Donald Trump verfügt über ein robustes Selbstbewusstsein. Der amerikanische Präsident traut sich viel zu – darunter auch eine gute Geldpolitik. Dass er von Zinsen mehr Ahnung habe als die Notenbank, hat er schon oft behauptet. Und auch, die US-Zentralbank Fed müsse die Leitzinsen dringend senken.
Diese Woche hat Trump jedoch die institutionellen Grenzen seiner Macht erfahren müssen. So zeigte sich die Notenbank wenig beeindruckt von den präsidialen Zwischenrufen und entschied sich für eine Beibehaltung des Zinsniveaus.
Starkes Amerika, schwacher Euro-Raum
Gut möglich, dass Trump nun neidvoll in die Euro-Zone blickt. Denn dort hat die Europäische Zentralbank (EZB) am Donnerstag das getan, was sich der amerikanische Präsident auch für die USA gewünscht hätte: Sie hat den Leitzins gesenkt – und zwar zum fünften Mal seit Mitte 2024. Damit liegt der Einlagensatz im Euro-Raum noch bei 2,75 Prozent, während der Leitzins in den USA zwischen 4,25 und 4,5 Prozent verharrt. Im Euro-Raum kommen Unternehmen und Haushalte also deutlich kostengünstiger an Geld als in den Vereinigten Staaten.
Für Trump, der überall eine Benachteiligung der USA zu erkennen glaubt, dürfte die Zinsdifferenz primär ein Wettbewerbsvorteil der Europäer sein. Doch das ist ein Fehlschluss.
Denn die unterschiedlichen Zinsen spiegeln eine unterschiedliche Wirtschaftslage: Auf der einen Seite die Euro-Zone, die ökonomisch stagniert, eine industrielle Rezession durchleidet und mit schwacher Nachfrage kämpft. Auf der anderen Seite die USA, die solide wachsen, viele neue Stellen schaffen und eine deutlich höhere Produktivität und Innovationskraft beweisen.
Amerikas höhere Zinsen sind ein Zeichen der Stärke. Sie verdeutlichen, dass die amerikanische Wirtschaft nicht mit billigem Geld angekurbelt werden muss. Vielmehr hat das Fed darauf zu achten, dass es die Inflation unter Kontrolle bringt. Denn bei robuster Nachfrage steigen Preise naturgemäss stärker, als wenn die Bevölkerung das Vertrauen in die Zukunft verloren hat. Entsprechend muss die US-Notenbank zinspolitisch stärker bremsen als die EZB, deren Leitzins sich wieder jenem neutralen Niveau nähert, wo er weder stimulierend noch bremsend wirkt.
Divergenz der Zinspolitik
Doch Europas Unternehmen sollten sich von leicht niedrigeren Zinsen nicht zu viel versprechen.
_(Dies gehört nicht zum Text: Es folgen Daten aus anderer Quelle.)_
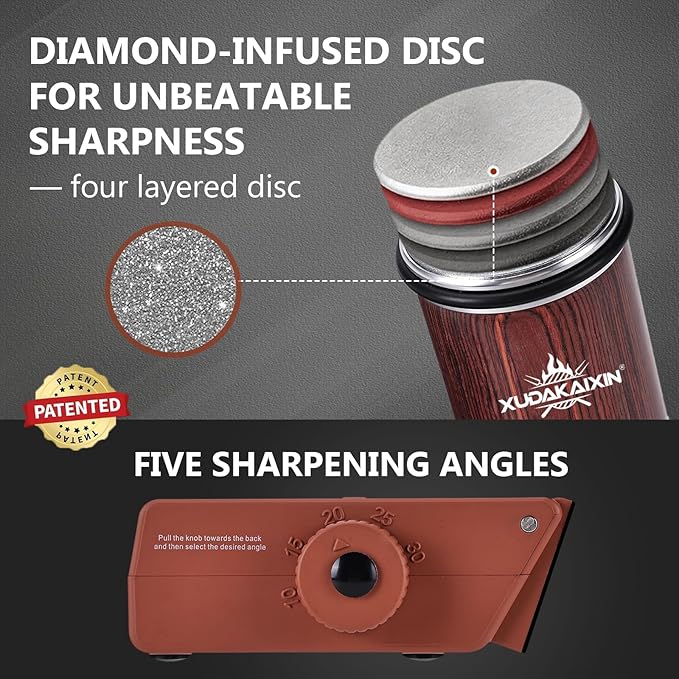 The Innovative Knife Sharpener - Patented Multi-Angle Premium Rolling Knife Sharpener with Extra Replacement Head for Chef's, Fruit, and All Steel Knives (Colorful Wood) - Image 3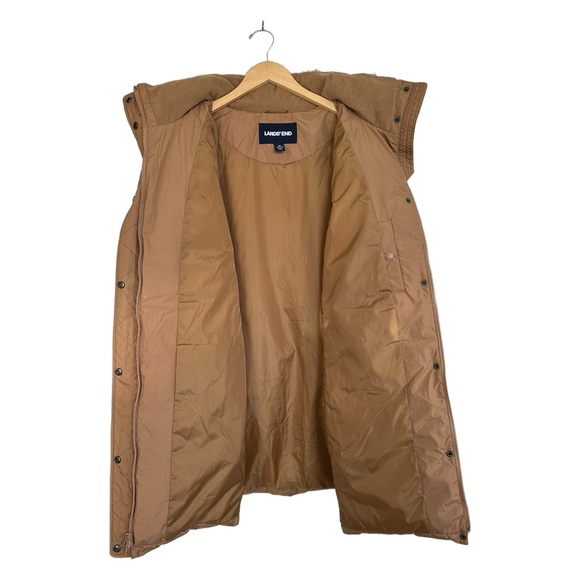 Lands End Down Puffer Parka Jacket with Faux Fur Hood Mid Thigh Tan Size 1X - Picture 4 of 15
Einige Prozentpunkte geringere Kosten bei der Geldaufnahme sind keine Kompensation für eine dysfunktionale Währungsunion, eine überbordende Regulierung und desorientierte Regierungen, wobei Letztgenanntes vor allem für die beiden Euro-Schwergewichte Deutschland und Frankreich gilt. Billiges Geld taugt nicht als Ersatz für wirtschaftliche Strukturreformen, für die der Euro-Raum derzeit weder willens noch fähig scheint.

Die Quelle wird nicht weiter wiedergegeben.